**REQUIRED ACTION:**
From the line that contains "Doanh nghiệp cần" through the last line of the data, copy everything exactly and nothing else, omitting the pictures.
=======
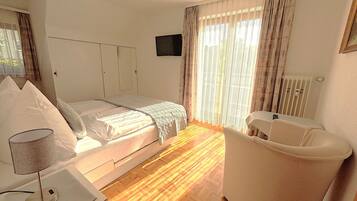 1 Schlafzimmer, Bügeleisen/Bügelbrett, Reisekinderbett, kostenloses WLAN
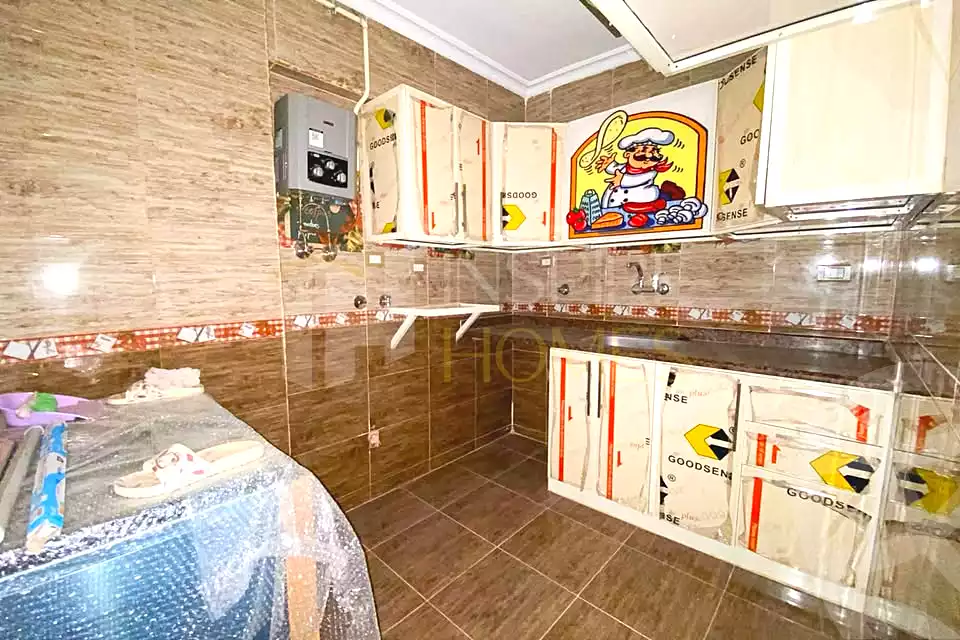 https://aqarmap.com.eg/ar/listing/7239271-for-sale-alexandria-sydy-bshr-sydy-bshr-bhry-shr-mhmwd-l-yswy
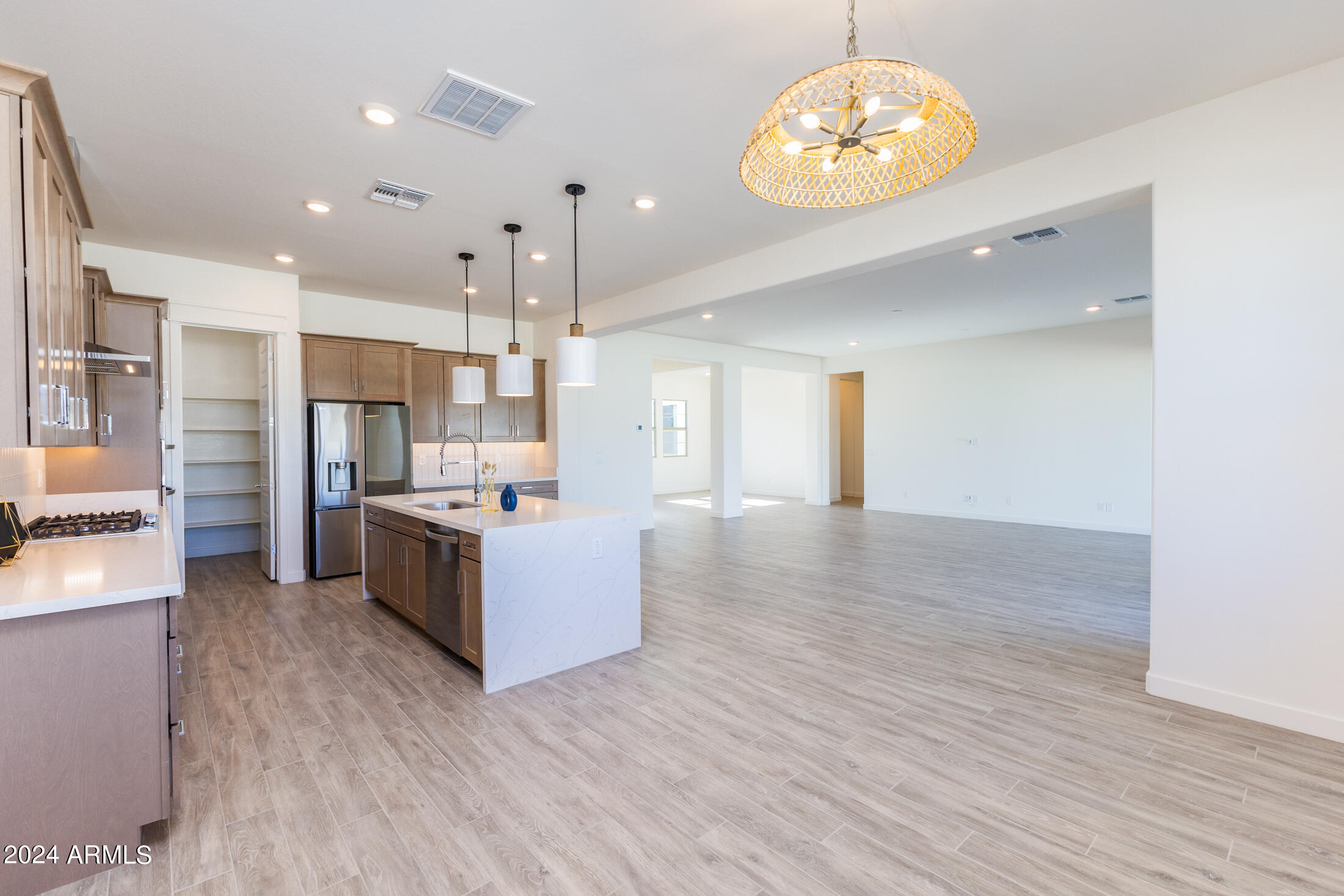 7550 W GELDING Drive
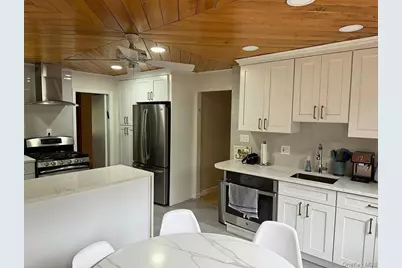 15 Sherwood Lane, Cedarhurst, NY 11516 - Photo 11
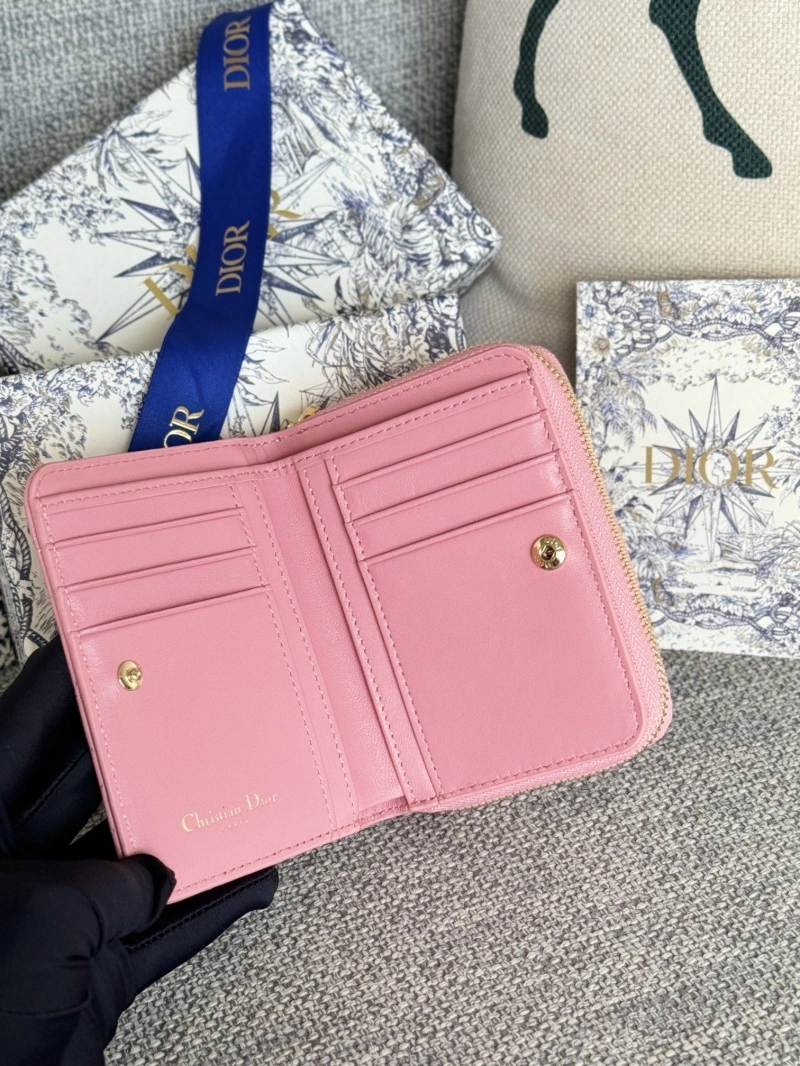 D10r wallets 4081-0674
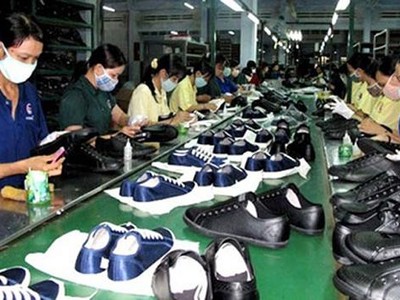Doanh nghiệp cần "gói hỗ trợ niềm tin"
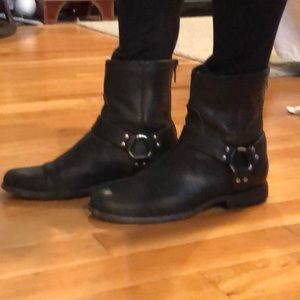Frye Phillip harness boot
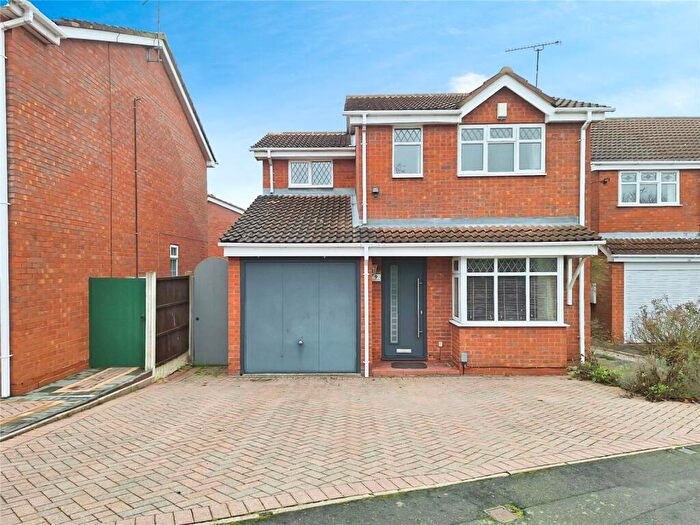 3 Bedroom Detached House For Sale In Cambridge Drive, Nuneaton, Warwickshire, CV10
=======
**SOLUTION TO THIS EXERCISE:**
Doanh nghiệp cần "gói hỗ trợ niềm tin"
Frye Phillip harness boot
 3 Bedroom Detached House For Sale In Cambridge Drive, Nuneaton, Warwickshire, CV10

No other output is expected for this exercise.